Wednesday J had his 3rd grade test. For confidentiality's sake I won't post his scores here. But I was pleased.
We had done some practice tests and he had worked in the "Spectrum" Test Prep series of books, so he knew what to expect. Still, he was nervous. The morning of the test he told me he had dreamed that "paper airplanes made of test papers were attacking me" but he was pleased to report that he shot them all down, "except the math ones."
And math - specifically subtraction and division -was his Achilles' heel, as I'd suspected. Also "language mechanics" which is basically punctuation and capitalization - also not a surprise. His superior vocabulary (sorry, but it's just true) and his ability with "language expression" pulled him up. I can only say that the years of reading aloud, and talking to him without talking down to him, have paid off. (If only I could get E to stop the baby talk.) His reading comprehension was higher than I would have expected, given his early struggles to read.
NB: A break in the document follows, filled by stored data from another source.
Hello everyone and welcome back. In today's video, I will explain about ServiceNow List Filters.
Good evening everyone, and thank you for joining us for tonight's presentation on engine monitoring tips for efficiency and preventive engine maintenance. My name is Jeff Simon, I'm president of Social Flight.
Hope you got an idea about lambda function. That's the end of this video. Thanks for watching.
Our abandonment of phonics surely helped this - though I should note that spelling was not included on this test; had it been, we might not have been so pleased with the results.
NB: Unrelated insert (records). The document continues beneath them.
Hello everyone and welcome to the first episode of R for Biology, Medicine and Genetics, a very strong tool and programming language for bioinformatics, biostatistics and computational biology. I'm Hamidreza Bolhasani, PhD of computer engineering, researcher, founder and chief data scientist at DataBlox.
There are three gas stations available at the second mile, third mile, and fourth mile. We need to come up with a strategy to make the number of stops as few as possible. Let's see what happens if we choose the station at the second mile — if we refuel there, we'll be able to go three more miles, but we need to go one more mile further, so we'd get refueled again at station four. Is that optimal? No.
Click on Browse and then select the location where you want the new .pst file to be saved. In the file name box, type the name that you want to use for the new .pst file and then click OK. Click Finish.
More important than his scores, his attitude was good after the test. He found it wasn't so horrible. He could see the value (so he said, anyway) of continuing to work on his skills.
And it is skills, after all, that these tests show, at least at the 3rd grade level. There is no measure of intelligence here. So no one really know about the vast amount of knowledge and number of facts he has amassed on his topics of interest: airplanes, predatory birds, plants, history, war, weapons. That can't be measured so easily, and certainly not on a fill-in-the-bubble test.